Evaluation Prompt

Evaluation Prompt#

We use the prompt below to evaluate the added value of Serena’s tools against the agent’s built-in tools on a given project. The evaluations were created in one-shot sessions, only using this prompt and the follow-up prompt for summarization

# Evaluate Serena's Tools Against Built-Ins

You have access to Serena's coding tools alongside your built-in tools (Read,
Edit, Write, Glob, Grep, Bash, etc.). I want a thorough, evidence-based
evaluation of **what Serena's tools add on top of the built-ins**, assuming both
toolsets are used correctly.

This is an evaluation, not a user guide, and it is not a binary adoption pitch.
Your job is to answer: *if a competent user of both toolsets had only the
built-ins, what concrete capabilities and efficiency differences would they
experience, and by how much?* A reader who finishes your report should have a
clear, specific picture of what Serena adds — as well as where it provides no
meaningful improvement or introduces tradeoffs — in terms of capabilities,
workflows, and efficiency. Not a thumbs-up/thumbs-down, but a sharp description
of the delta.

Failure modes from misuse, silent-failure traps, gotcha comparisons, and "be
careful of X" warnings are out of scope. They belong in onboarding material for
a developer learning the tools, not in a delta analysis of what the tools add.

**Describe the measured differences clearly and neutrally.** Avoid generic or
non-informative framing such as "both have their place" unless supported by
concrete findings. If Serena adds substantial capabilities, name and quantify
them. If it adds marginal or no capabilities, say that and show why. If there
are regressions or tradeoffs, include them explicitly. The two toolsets are
complementary — that's a given, not the answer.
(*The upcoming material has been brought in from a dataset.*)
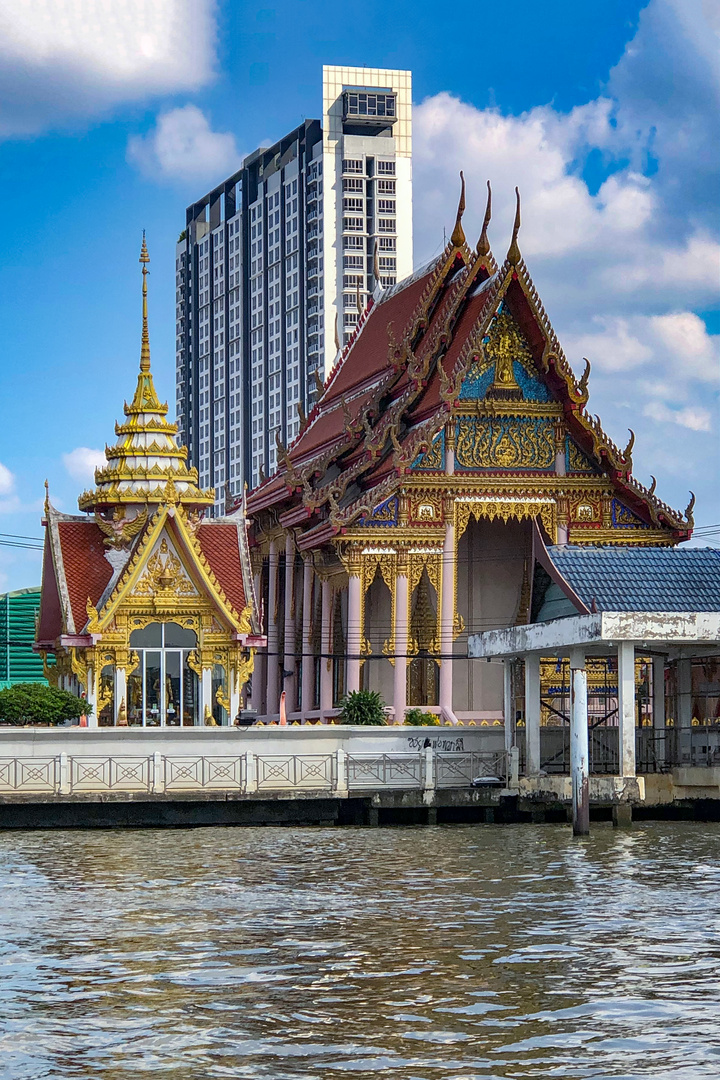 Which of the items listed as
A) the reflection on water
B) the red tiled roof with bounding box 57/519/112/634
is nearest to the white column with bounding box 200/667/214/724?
the red tiled roof with bounding box 57/519/112/634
Serena is an augmentation layer,
not a replacement. Do not penalize it for tasks it was not designed to address —
instead, note those tasks as "built-in only" and move on. The evaluation should
measure what Serena adds where it applies, not what it fails to add where it
doesn't.The answer is a specific list of what Serena contributes (or does not
contribute) to a correct-use workflow relative to built-ins.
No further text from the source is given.